• PROMPT: Repeat every record word for word and omit the images.

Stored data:

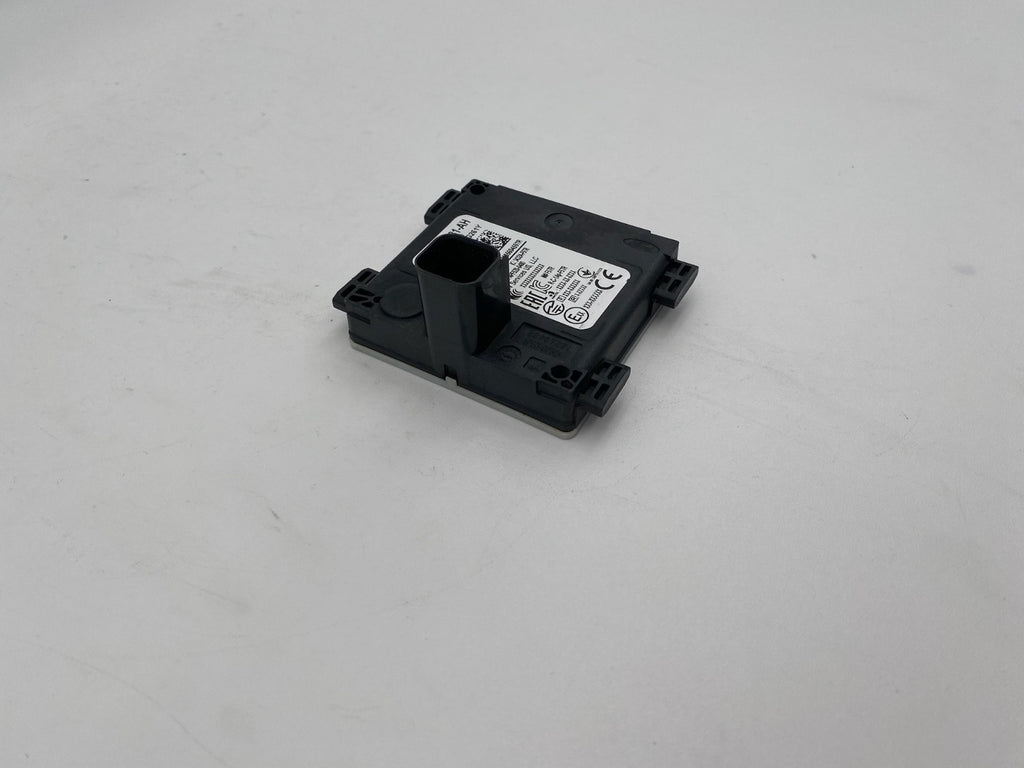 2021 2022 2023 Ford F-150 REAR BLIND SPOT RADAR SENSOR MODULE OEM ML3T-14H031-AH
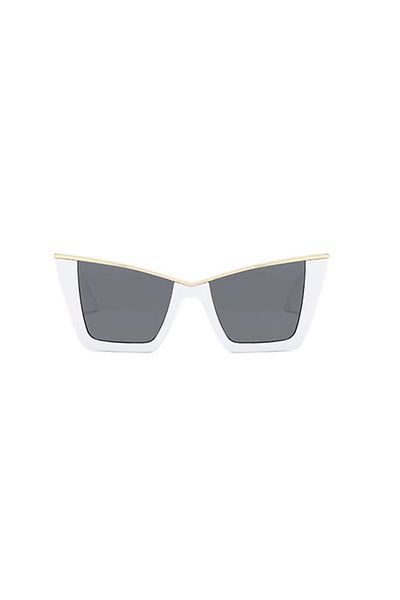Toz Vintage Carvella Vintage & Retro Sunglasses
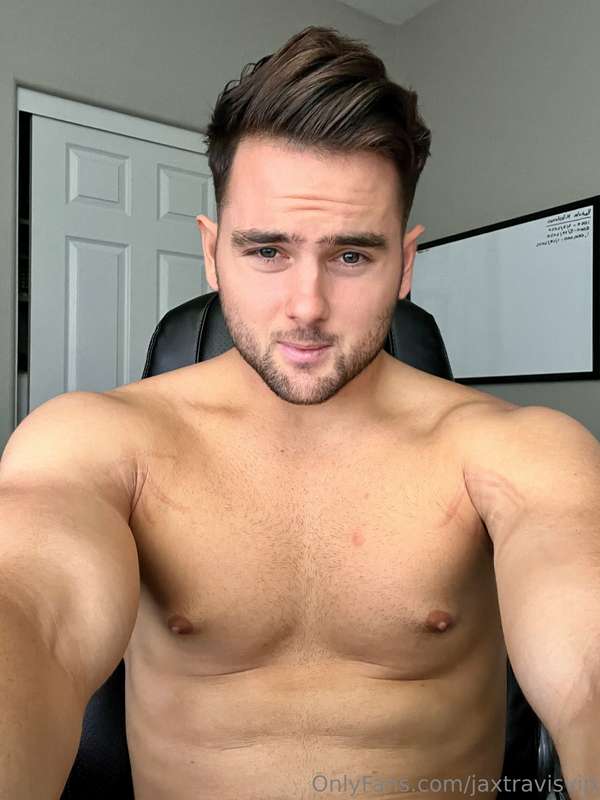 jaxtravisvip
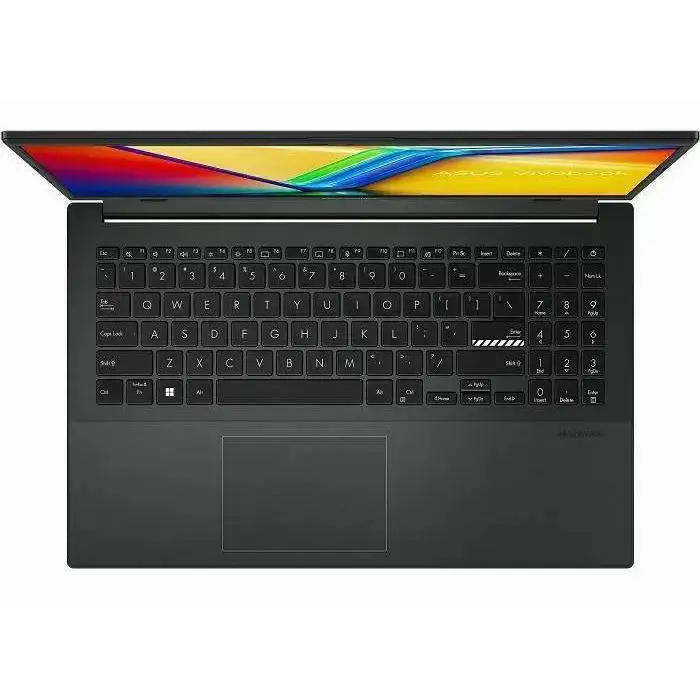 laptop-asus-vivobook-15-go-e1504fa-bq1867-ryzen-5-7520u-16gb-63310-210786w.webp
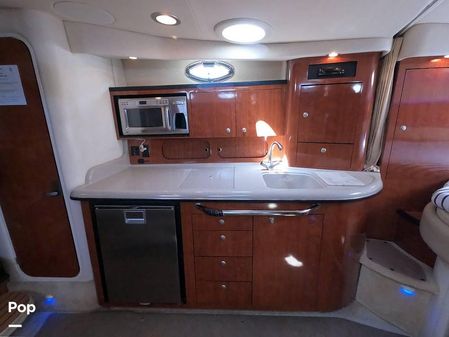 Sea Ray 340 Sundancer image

• EXERCISE RESULT:
 2021 2022 2023 Ford F-150 REAR BLIND SPOT RADAR SENSOR MODULE OEM ML3T-14H031-AH
Toz Vintage Carvella Vintage & Retro Sunglasses
 jaxtravisvip
 laptop-asus-vivobook-15-go-e1504fa-bq1867-ryzen-5-7520u-16gb-63310-210786w.webp
 Sea Ray 340 Sundancer image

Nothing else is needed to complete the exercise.